#### [Work request]
Retype only what runs from the line with "4716 Old Spartanburg Road property image" through the end of the entries, exactly and in full, but omit any picture you find.

Records contained in a dataset:
◇ ◇ ◇ ◇

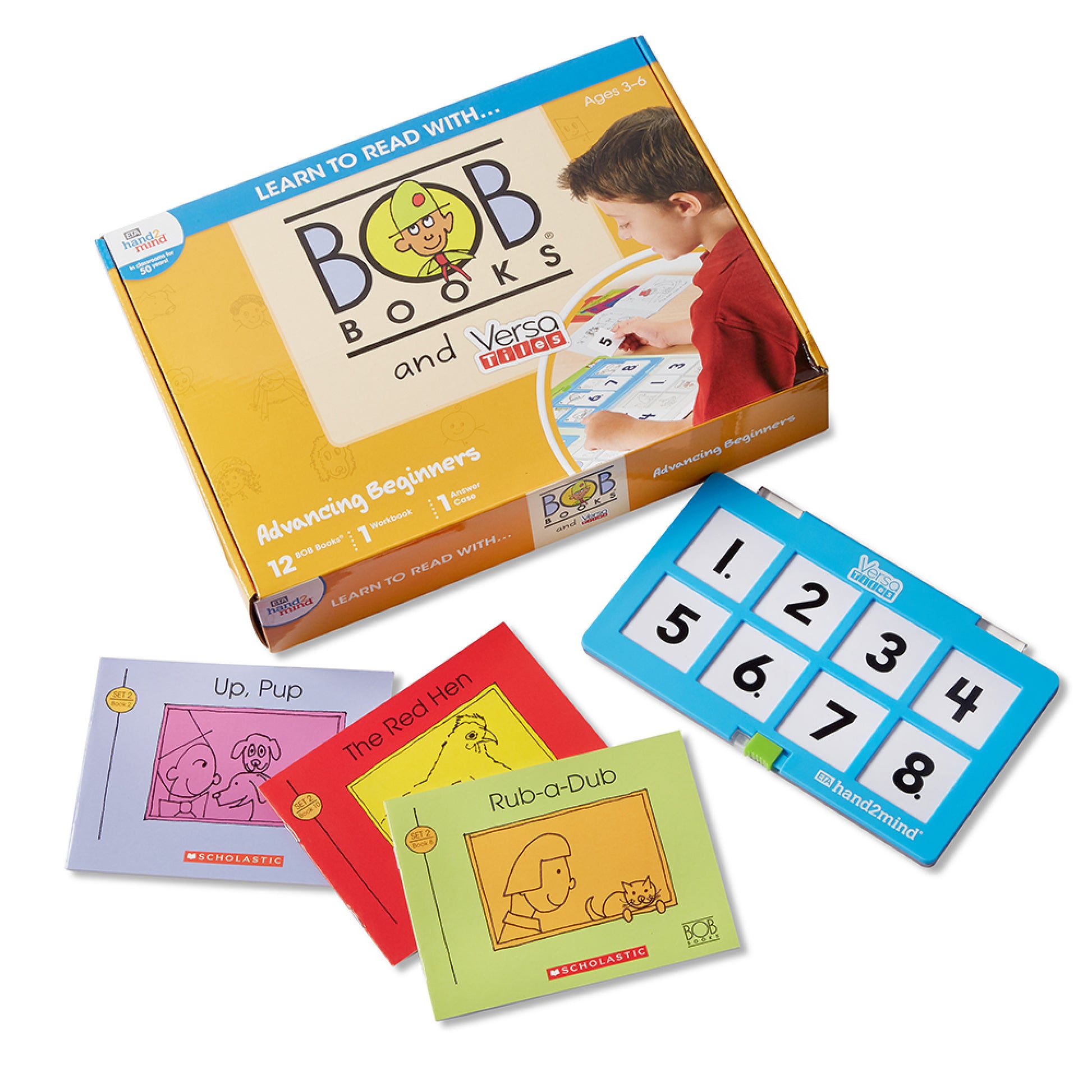 309642395.jpg
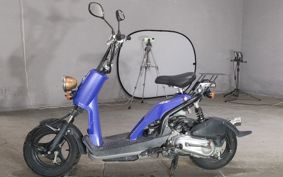 HONDA BYTE AF59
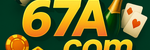 Logo de um podcast de apostas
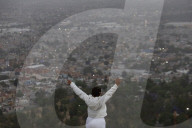 Spring Equinox 2025 And Environmental Contingency In Mexico
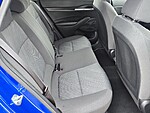 Used 2024 KIA SELTOS LX in DAVIE, FLORIDA (Photo 17)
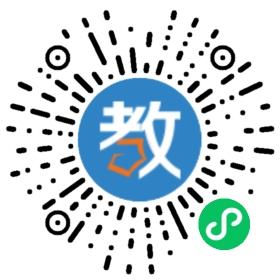 盱眙縣桂五中學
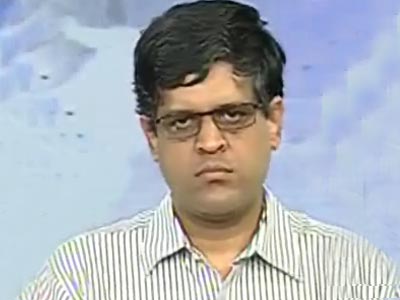 Incumbents to lose out to new airlines: Mahantesh Sabard on Jet, SpiceJet quarterly results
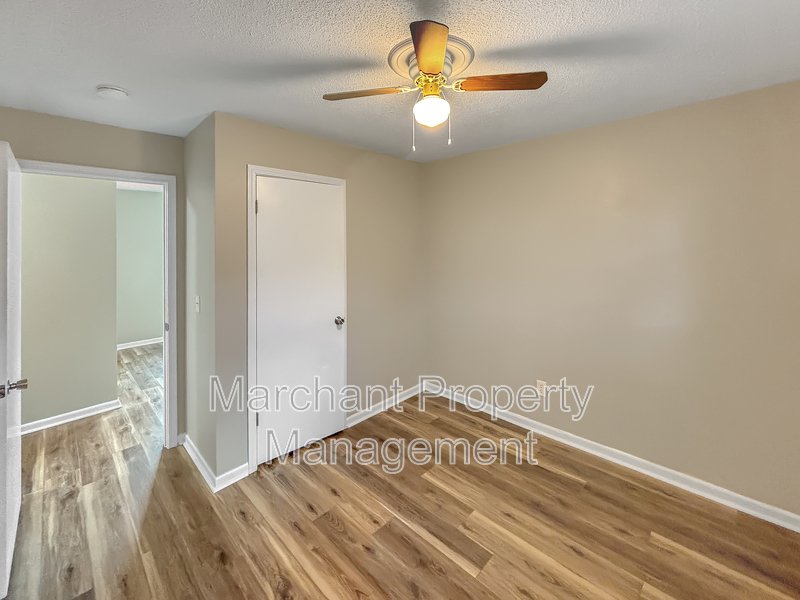 4716 Old Spartanburg Road property image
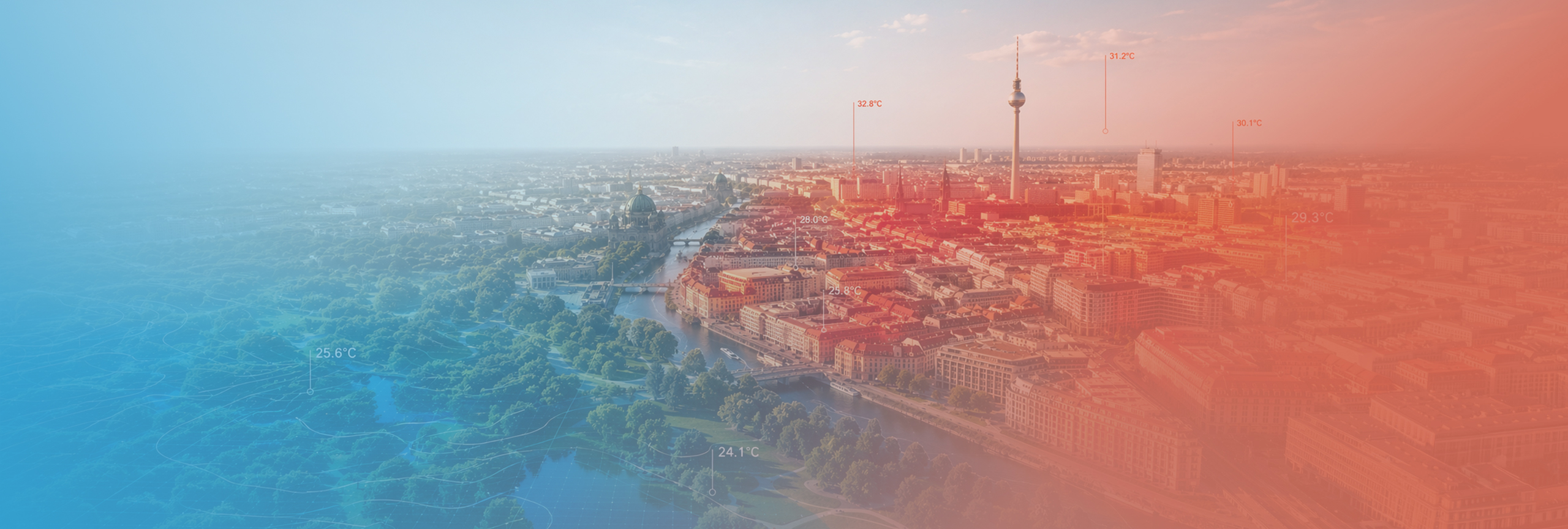 Messestand von Esri und Eurocommand auf der INTERSCHUTZ 2026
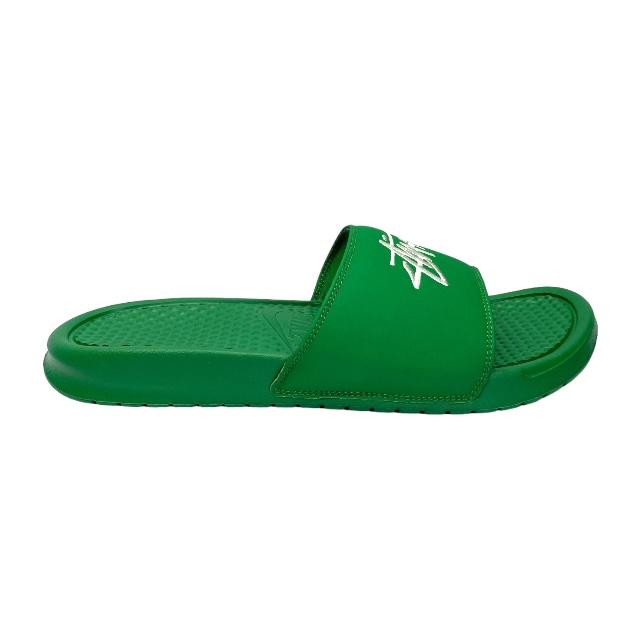 JIMMY CHOO 【未使用】NIKE ナイキ STUSSY ステューシー コラボ JIMMY CHOO 【未使用】NIKE ナイキ STUSSY ステューシー コラボ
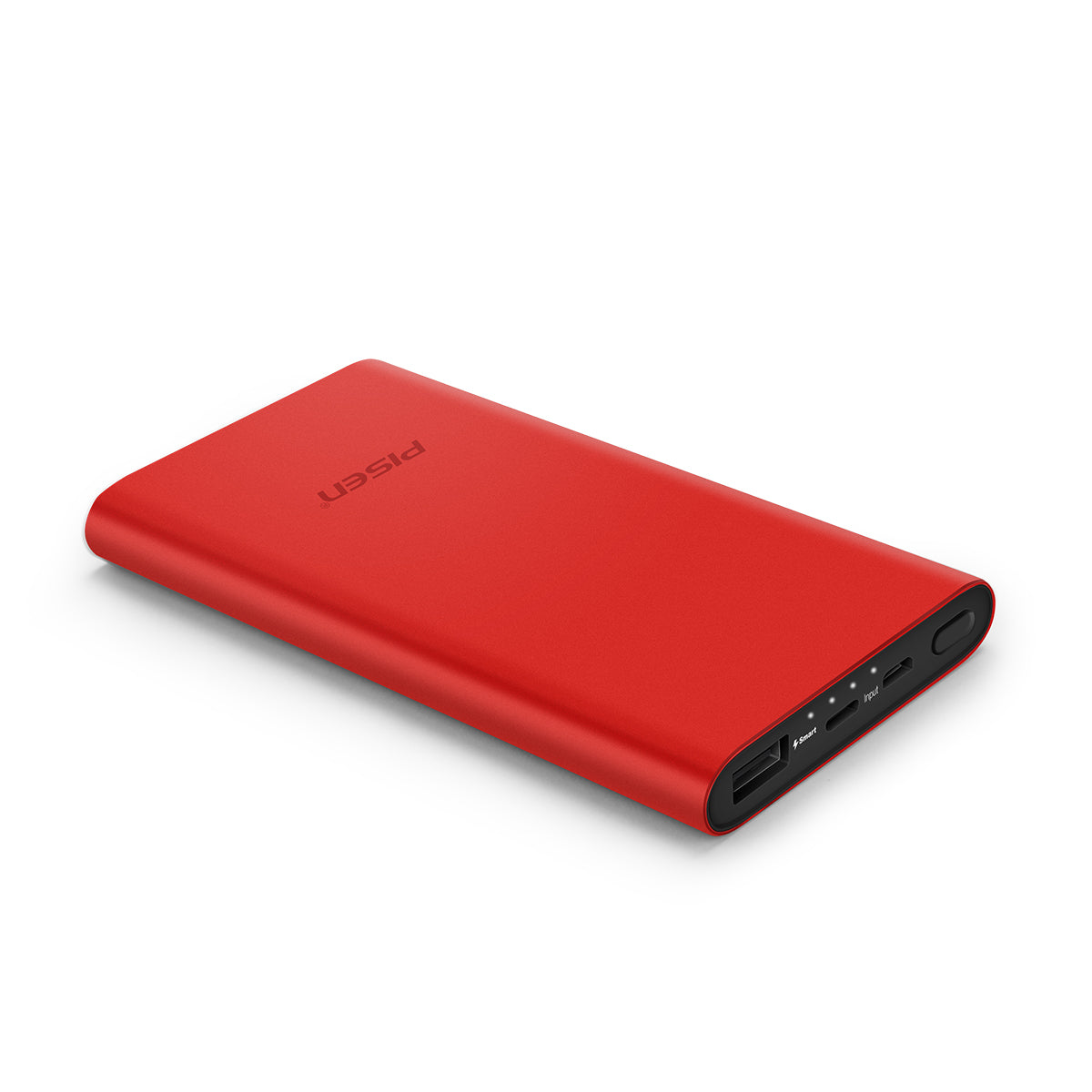 品胜ColorPower 1S 10000mAh
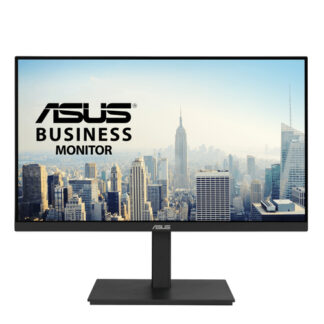 Monitor Monitor Asus 90LM055J B01170 VA27ECPSN Black (ord.min.1.00 unità)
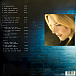 Пластинка Diana Krall - The Very Best Of Diana Krall LP - рис.1
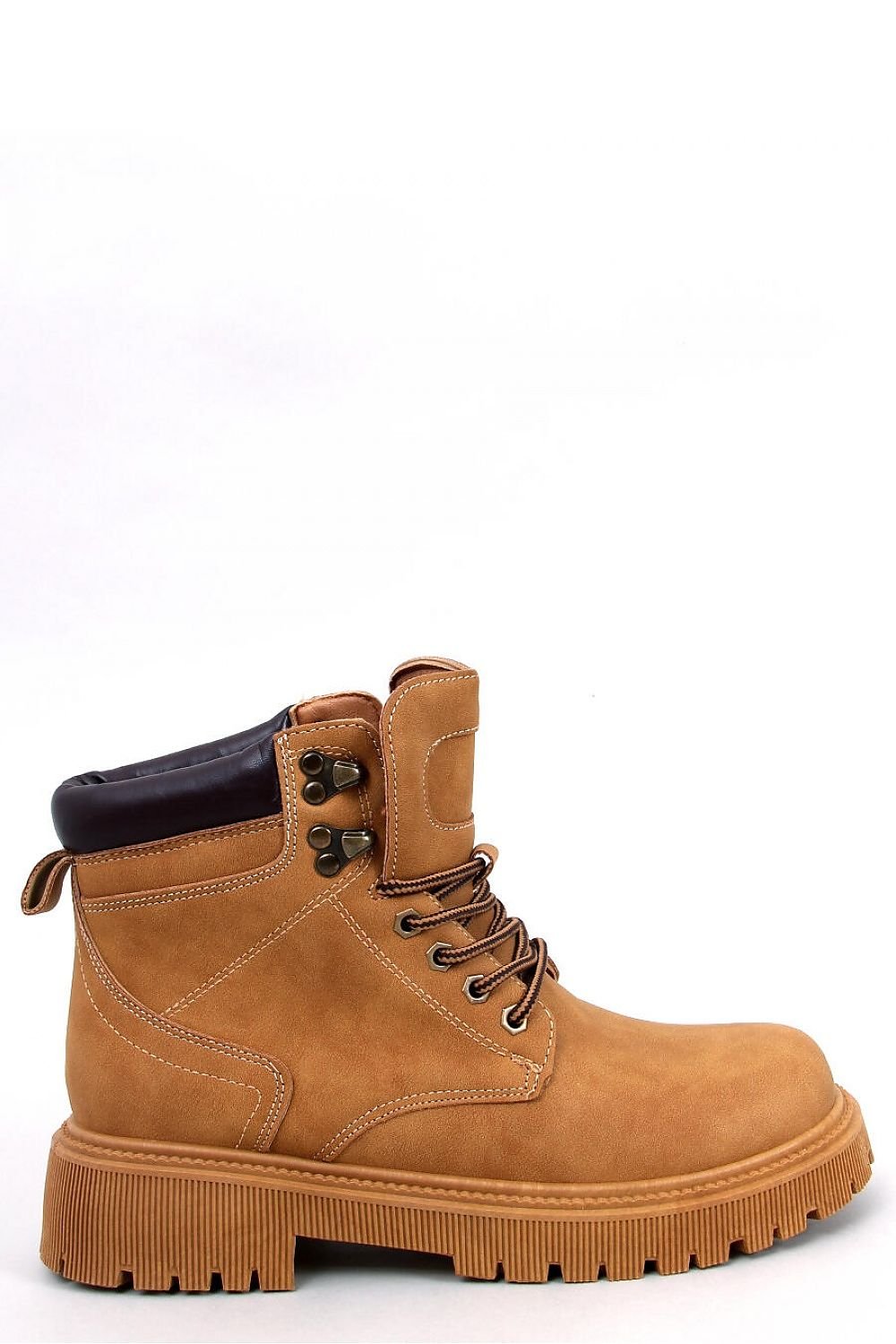 Trapper shoes model 185761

◇ ◇ ◇ ◇

#### [Response]
 4716 Old Spartanburg Road property image
 Messestand von Esri und Eurocommand auf der INTERSCHUTZ 2026
 JIMMY CHOO 【未使用】NIKE ナイキ STUSSY ステューシー コラボ JIMMY CHOO 【未使用】NIKE ナイキ STUSSY ステューシー コラボ
 品胜ColorPower 1S 10000mAh
 Monitor Monitor Asus 90LM055J B01170 VA27ECPSN Black (ord.min.1.00 unità)
 Пластинка Diana Krall - The Very Best Of Diana Krall LP - рис.1
 Trapper shoes model 185761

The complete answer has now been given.